Kolesterol tidak dapat larut di dalam darah, karena itulah kolesterol harus ditransportasikan ke dan dari sel dengan pembawa yang disebut sebagai lipoprotein. Low-density lipoprotein, atau  LDL dikenal sebagai ‘kolesterol jahat’ sedangkan High-density lipoprotein, atau HDL dikenal sebagai ‘kolesterol baik’. Dua jenis asam lemak ini  bersama dengan trigliserida dan kolesterol Lp (a) akan membuat perhitungan kolesterol total yang dapat diperiksa melalui pemeriksaan darah.

Kadar kolesterol dalam tubuh :

Kolesterol LDL
 
<100 Optimal
100-129 Dekat optimal/di bawah optimal
130-159 Borderline Tinggi
160-189 Tinggi
>190 Sangat Tinggi
Kolesterol Total  
<200 Yang disarankan
200-239 Borderline Tinggi
> 240 Tinggi
Kolesterol HDL  
<40 Rendah
> 60 Tinggi

 

Kolesterol tinggi adalah faktor risiko yang dapat dikontrol untuk Penyakit Jantung Koroner (PJK), serangan jantung, dan stroke. Sermakin tinggi kadar kolesterol, semakin tinggi risiko menderita PJK dan stroke. Apabila kita memiliki faktor risiko lain (hipertensi, diabetes) setinggi kolesterol, maka risikonya semakin meningkat. Semakin banyak memiliki faktor risiko, maka semakin besar kemungkinan untuk mengalami PJK.

Kolesterol LDL yang terlalu tinggi di dalam darah dapat mengakibatkan terbentuknya sumbatan pada pembuluh darah yang mendarahi jantung dan otak. Bersama dengan substansi lainnya, kolesterol dapat membentuk plak atau sumbatan yang dapat menyempitkan pembuluh darah arteri dan membuat arteri tidak fleksibel. Kondisi ini dikenal dengan aterosklerosis. Apabila sumbatan ini memblok arteri yang menyempit tersebut, maka serangan jantung atau stroke dapat terjadi.

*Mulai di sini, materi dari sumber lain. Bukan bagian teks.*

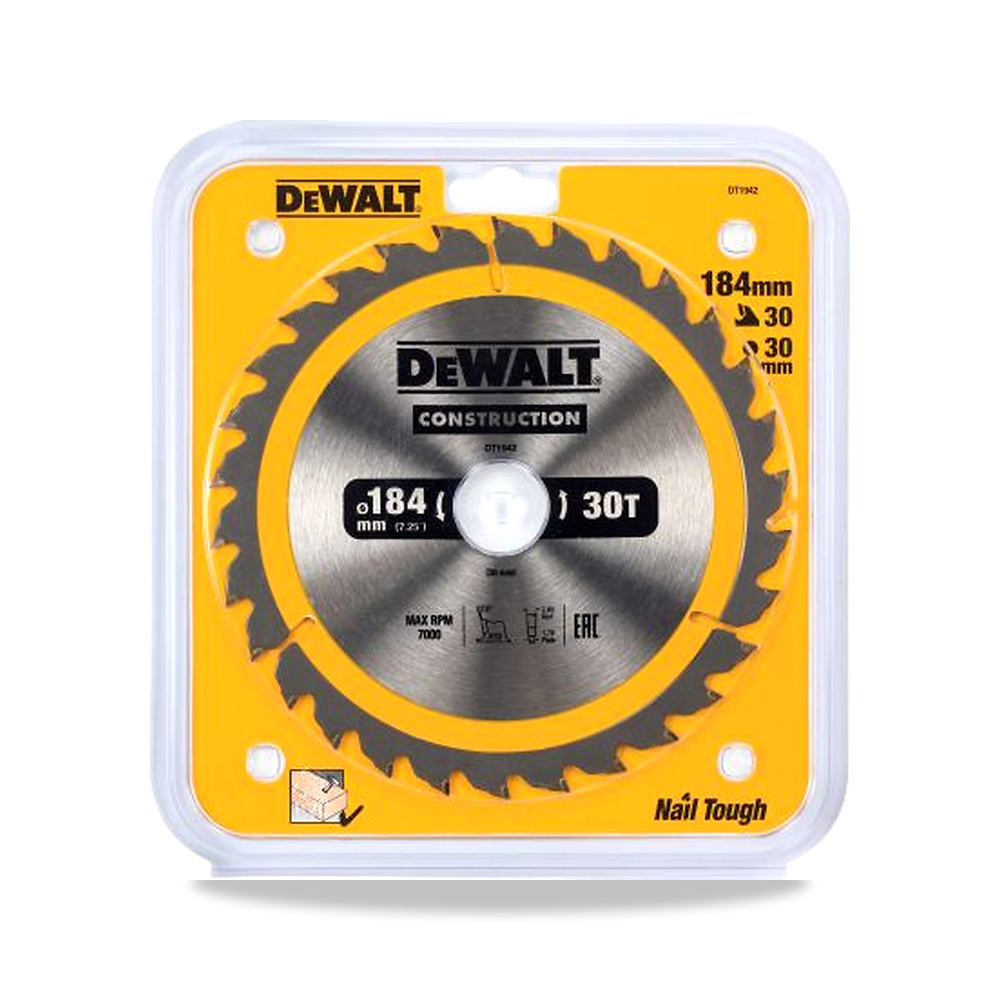 صورة منتج منشار دائري كهربائي شفرة وسلاح قطع 184 مم DeWALT موديل DT1942-QZ – 0.625 بوصة – نوع الخامة Carbide - كود الصنف reemco-2027-0266425 - ماركة يباع من خلال reemco - توريد وتصوير حصري لشركة ريمكو القابضة السعودية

Untuk membantu menurunkan kadar kolesterol, Anda sebaiknya mengurangi atau sama sekali tidak mengonsumsi lemak jenuh dan trans fat serta menggantinya dengan lemak tak jenuh (monounsaturated atau polyunsaturated fat). Anda juga sebaiknya mengurangi jumlah asupan lemak per harinya. The American Heart Association merekomendasikan asupan kolesterol perhari kurang dari 300 mg. Apabila memiliki penyakit jantung, asupan kolesterol sebaiknya kurang dari 200 mg.

Minumlah minyak ikan secara teratur. Minyak ikan banyak mengandung lemakpoliunsaturated atau yang dikenal dengan omega-3 yang dapat menurunkan kadar trigliserida dan mencegah pembekuan (clotting) darah, dan membantu mengatur irama jantung.

Makanlah makanan dengan kandungan serat tinggi. Makanan yang kaya akan serat (10-25 g/hari) diantaranya adalah kacang-kacangan, kacang polong, gandum, buah, dan sayuran yang dapat membantu menurunkan kadar kolesterol.

Demikian penjelasan yang dapat kami berikan. Semoga membantu.